The Problem description:

Jack and Jelly are two friends. They want to go to a place by a cycle ( Assume that they live in same house). Distance between the place and their house is 'N' km. Rules of game are as follows:
- Initially Jelly will ride cycle.
- They will ride cycle one by one.
- When one is riding cycle other will sit on the carrier of cycle.

- In each ride they can ride cycle exactly 1, 2 or 4 km. One cannot ride more than remaining distance.

- One who reaches school riding cycle will win.
Both play optimally. You have to find who will win this game.

Input:
First line of input contains an integer 'T' denoting the number of test cases. Then 'T' test cases follow. Each test case consists of a single line containing an integer N.

Output:
Print the name of winner i.e 'JACK' or 'JELLY'.

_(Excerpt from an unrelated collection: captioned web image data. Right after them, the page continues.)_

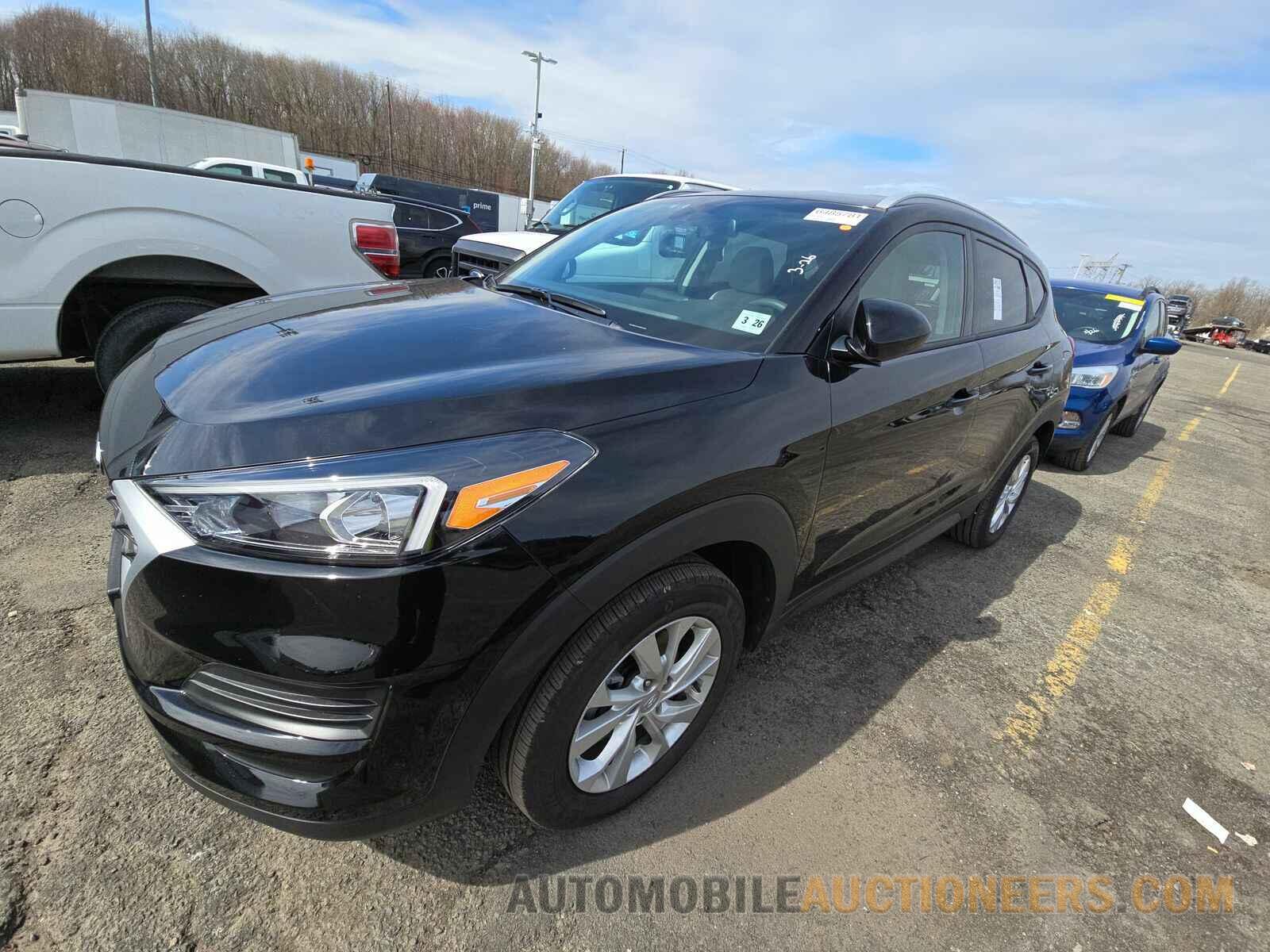 KM8J3CA4XMU360661 Hyundai Tucson 2021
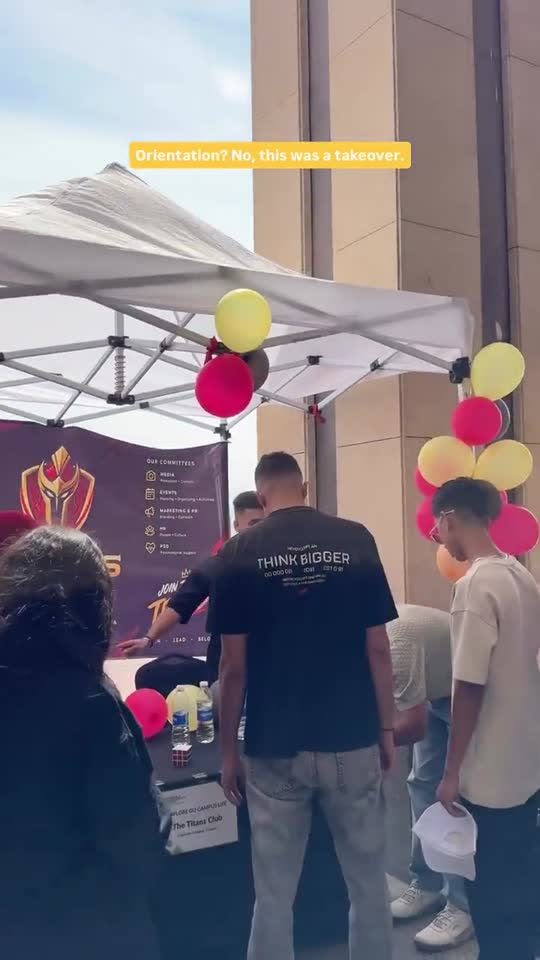 Titans Club Inauguration Festival video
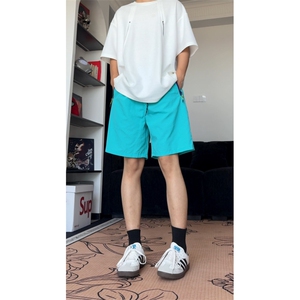 现货！多巴胺户外山系速干休闲短裤-视频截图-EX50835-特批25图片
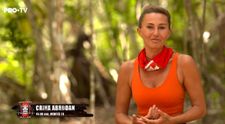 Crina Abrudan, primele impresii după ce a ajuns în tabăra Faimoșilor din Jungla Dominicană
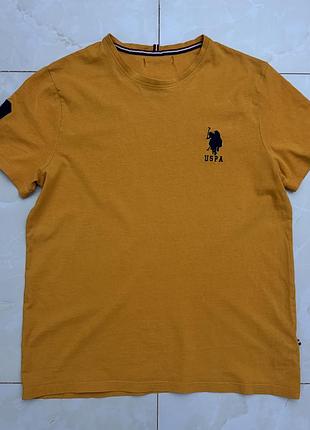 Футболка us polo assn оригінал купити україна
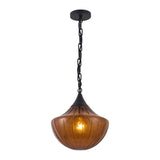 Alora Mood Farrah 12-in Pendant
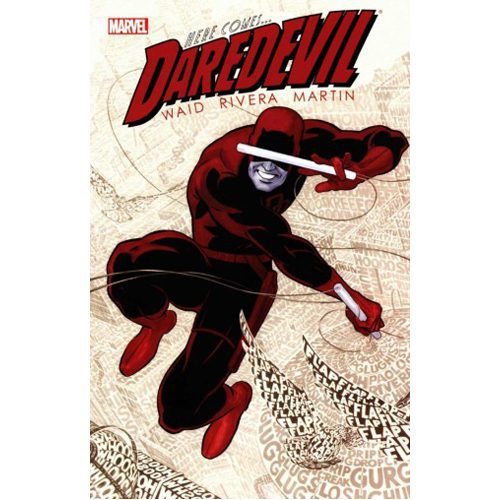 Daredevil Volume 1 - Chinatown - Paperback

I have written following code for this problem.
Bottom-up approach solution gives me time out.
The top-down approach gives me Segfault. Most probably due to recursion stack.
How can I improve my solution?
Please help me.
Thanks in advance.

Bottom Up (Timeout):

#include <iostream>

using namespace std;



bool arr[2][10000001];



int main() {

    int t, n;

    cin >> t;

    while(t--) {

        cin >> n;



        arr[0][1]=arr[0][2]=arr[0][4]=0;

        arr[1][1]=arr[1][2]=arr[1][4]=1;

        arr[0][3]=1;

        arr[1][3]=0;



        for(int i=5;i<=n;i++) {

            for(int player=0;player<2;player++) {

                if(arr[1-player][i-1]==player||

                   arr[1-player][i-2]==player||

                   arr[1-player][i-4]==player) {

                       arr[player][i] = player;

                   } else {

                       arr[player][i] = 1-player;

                   }

            }

        }



        if(!arr[0][n]) {

            cout << "JELLY" << endl;

        } else {

            cout << "JACK" << endl;

        }

    }

    return 0;

}

Top-down (Segfault, I think due to recursion):

#include <iostream>

using namespace std;



char arr[2][10000001];



bool solve(int n, bool player) {

    if(arr[player][n] != -1)

        return arr[player][n];

    if(solve(n-1,!player) == player ||

       solve(n-2,!player) == player ||

       solve(n-4,!player) == player) {

           arr[player][n] = player;

    } else {

        arr[player][n] = !player;

    }

    return arr[player][n];

}



int main() {

    int t, n;

    cin >> t;

    while(t--) {

        cin >> n;

        for(int i=0;i<2;i++) {

            for(int j=0;j<n+1;j++) {

                arr[i][j] = -1;

            }

        }



        arr[0][1]=arr[0][2]=arr[0][4]=0;

        arr[1][1]=arr[1][2]=arr[1][4]=1;

        arr[0][0]=arr[0][3]=1;

        arr[1][0]=arr[1][3]=0;



        solve(n, false);



        if(!arr[0][n]) {

            cout << "JELLY" << endl;

        } else {

            cout << "JACK" << endl;

        }

    }

    return 0;

}

I have found the answer myself. It is actually testing the game theory. If we see the pattern then only when n is a multiple of 3 then only whoever starts the game first will loose and in all other cases who starts the game will win. The working code is given below.

#include <iostream>

using namespace std;



int main() {

    int t, n;

    cin >> t;

    while(t--) {

        cin >> n;

        if( n%3 == 0) {

            cout << "JACK" << endl;

        } else {

            cout << "JELLY" << endl;

        }

    }

    return 0;

}